- [EXERCISE AIM]:
Exactly the lines from the first line of the records to the line holding "Topkids Accessories Hair" should be duplicated, and nothing more; pictures stay out.

(Web page caption snippets)
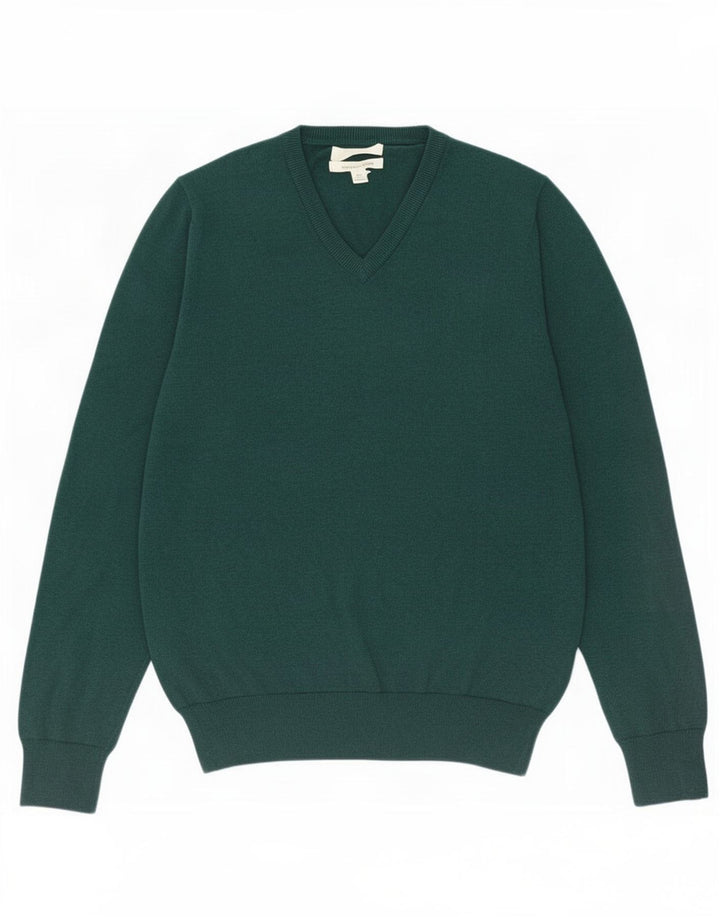 Marks & Spencer Pull Col V Homme Vert Moyen Coton
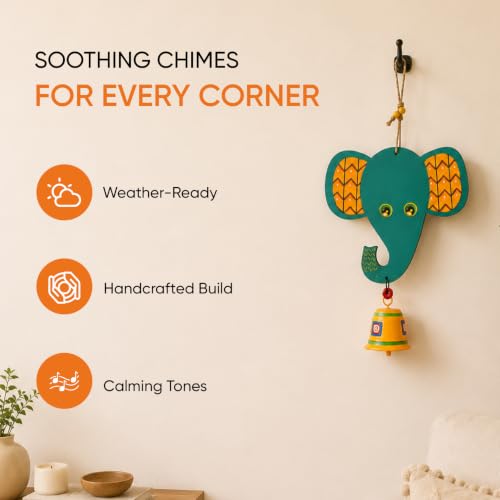 Image of Aakriti Art Creations Happy Elephant Wind Chime | Handmade Modern Art Wooden & Metal Wind Chime | Outdoor & Indoor Decorative Wind Chimes for Balcony, Garden, Living Room & Gifting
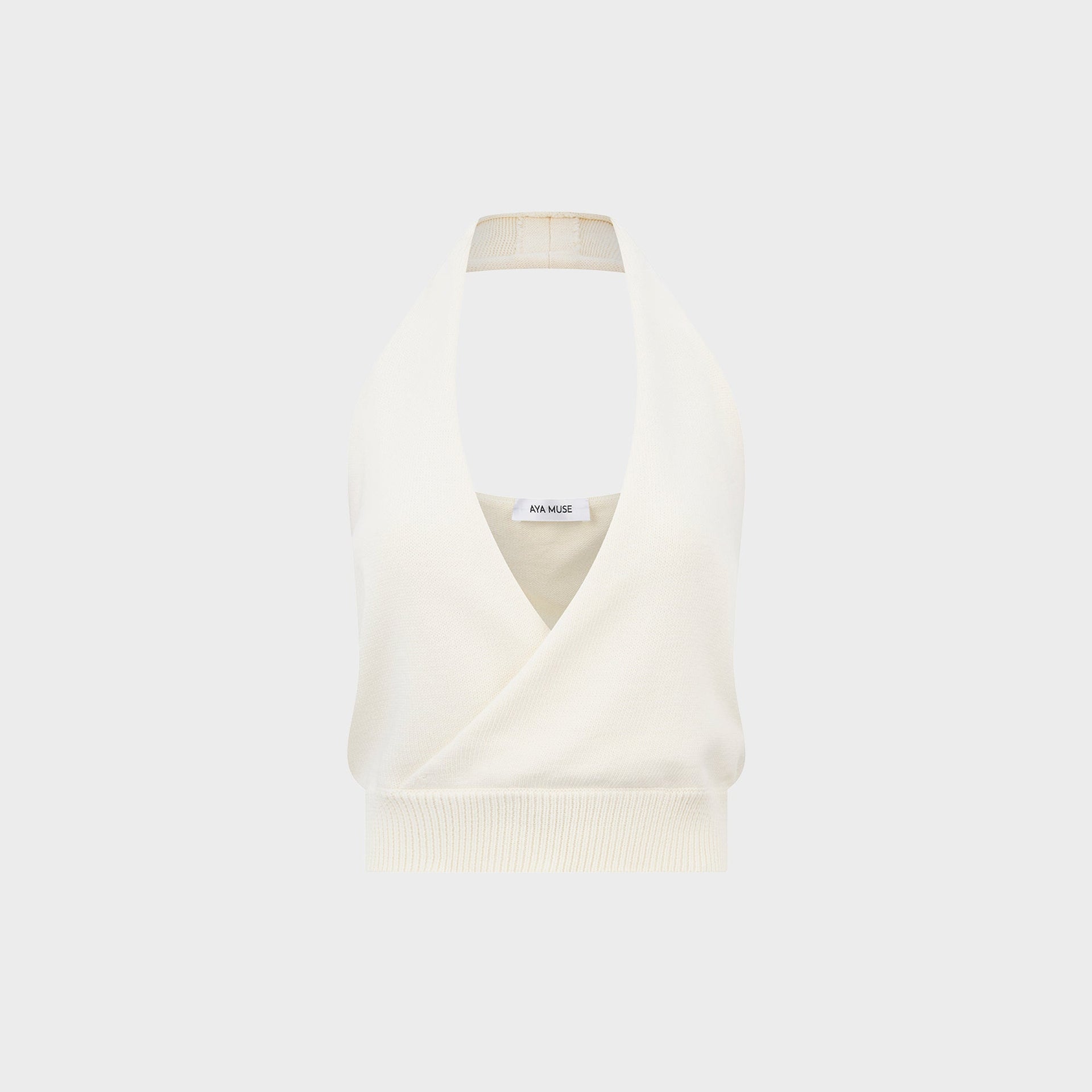 Aya Muse Knit Halter Top in White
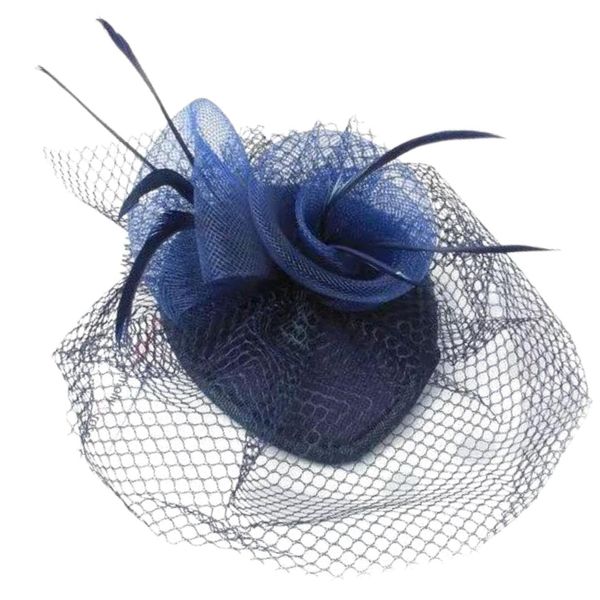 Topkids Accessories Hair Flower Fascinator Skull Cap Fascinators Fascinator Hat Wedding Hat Cocktail Hat Party Hat Royal Ascot Hat On A Pair of Clips for Women, Girls, Ladies (Navy)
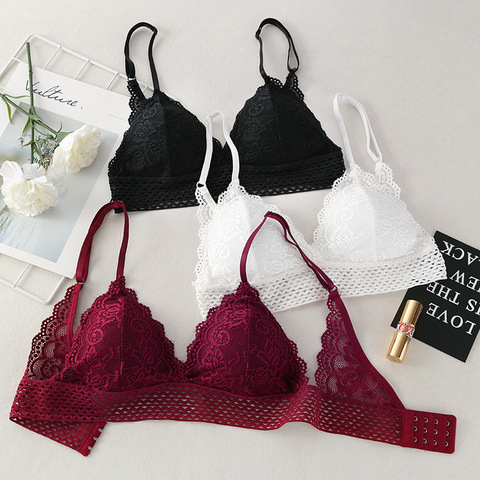 Lace Bralette Sexy Bras For Women Floral Lace Underwear Deep V Transparent  Bra Backless Brassiere Lingerie Push Up Bra - Price history & Review, AliExpress Seller - Fenland Clothes Store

- [RESPONSE BELOW]:
 Marks & Spencer Pull Col V Homme Vert Moyen Coton
 Image of Aakriti Art Creations Happy Elephant Wind Chime | Handmade Modern Art Wooden & Metal Wind Chime | Outdoor & Indoor Decorative Wind Chimes for Balcony, Garden, Living Room & Gifting
 Aya Muse Knit Halter Top in White
 Topkids Accessories Hair Flower Fascinator Skull Cap Fascinators Fascinator Hat Wedding Hat Cocktail Hat Party Hat Royal Ascot Hat On A Pair of Clips for Women, Girls, Ladies (Navy)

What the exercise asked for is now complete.